I described this week how it is easier for me to answer “what don’t you do?” than “what do you do?” That’s for sure true. Likewise, there are certain thing I’ve never done that have become defining characteristics for me. At least, in my own head. Certain experiences I have never had that I cling to because they say who I am. I’d list them but they are private. Okay, fine, two examples are: Watch Star Wars. Be on Facebook.
And I realize that is ridiculous. Ridiculous. Who I am is solid as marble (or should be). Who I am is not defined by something I have or have not done. Just as I wrote in my earlier post, what we do and do not do is a deeply imperfect reflection of who we are, not at all a complete picture. Of course it isn’t. In fact, isn’t relying on those external indicators, those small things, to judge either our own or someone else’s self kind of a copout? A shortcut that is easier than actually getting to know who we – or they are?
I wonder if I cling to these external markers of identity so fiercely because without them I feel lost. Without hanging on to the edge of the dock that concrete definitions represent – until my fingertips are white! – I am bobbing alone in the sea. And that is terrifying. I’m not a great swimmer. And in the ocean of Identity, Meaning, Self-Confidence? I can barely do the doggie paddle.
But I have to trust. What’s my option? I have been doing an online course about creativity and manifesting our dreams, Mondo Beyondo, which has really made me think. I haven’t dedicated as much time or attention to it as I wish I had, but I have read every “lesson” post that the two teachers have shared. Many of them have clanged around in my brain like a loud gong, their echoes coming up again and again. One lesson in particular was about how sometimes, to get to our dreams, we have to disassemble significant things. The piece asserted that while we assume that “living our dreams” is a positive, happy thing, it can actually require a significant amount of letting go, breaking down, breaking through.

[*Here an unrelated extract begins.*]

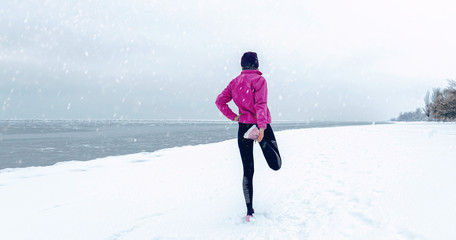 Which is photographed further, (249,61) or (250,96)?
(249,61)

What does that mean for me right now? I’m still figuring it out. But I think part of it is about letting go of these silly things I’ve clung to that tell me who and what I am. Or, really, that I think tell others who and what I am. I am not saying I am going to do all of those things I’ve never done, run wildly into the wall of reckless abandon, change my behavior in a radical way. Of course I’m not! Frankly many of the things I haven’t done and don’t do are because I have no interest!
But I am going to try to let go of those definitions. I am going to try to trust that those who matter really care about a much more fundamental me. I am going to try to believe that identity, and personhood, is much more essential than superficial indicators suggest. And that mine – my identity, my personhood, my self – is enough just as it is.
Who you are to me is someone who made my day by taking the time to leave a comment on my fledgling blog. For months I have admired your clear and insightful voice; it was humbling for me to see your words alongside my own. You are a writer who has given me strength and a sense of community during some of my own dark days. I don't know you except through your writing here, but the words that you have shared define you as a woman I emulate.
Kristen
mothereseblog.blogspot.com
My take is that who we are is somewhat solid, like the rocky core of a gaseous planet maybe, and the rest of us swirls around the core, changing and morphing.
This is profound to me. I do believe we define ourselves by the STUFF. Because we are physical beings. It is the stuff to which we attach, or don’t attach… that gives our life our collage.
It’s how I see the people around me.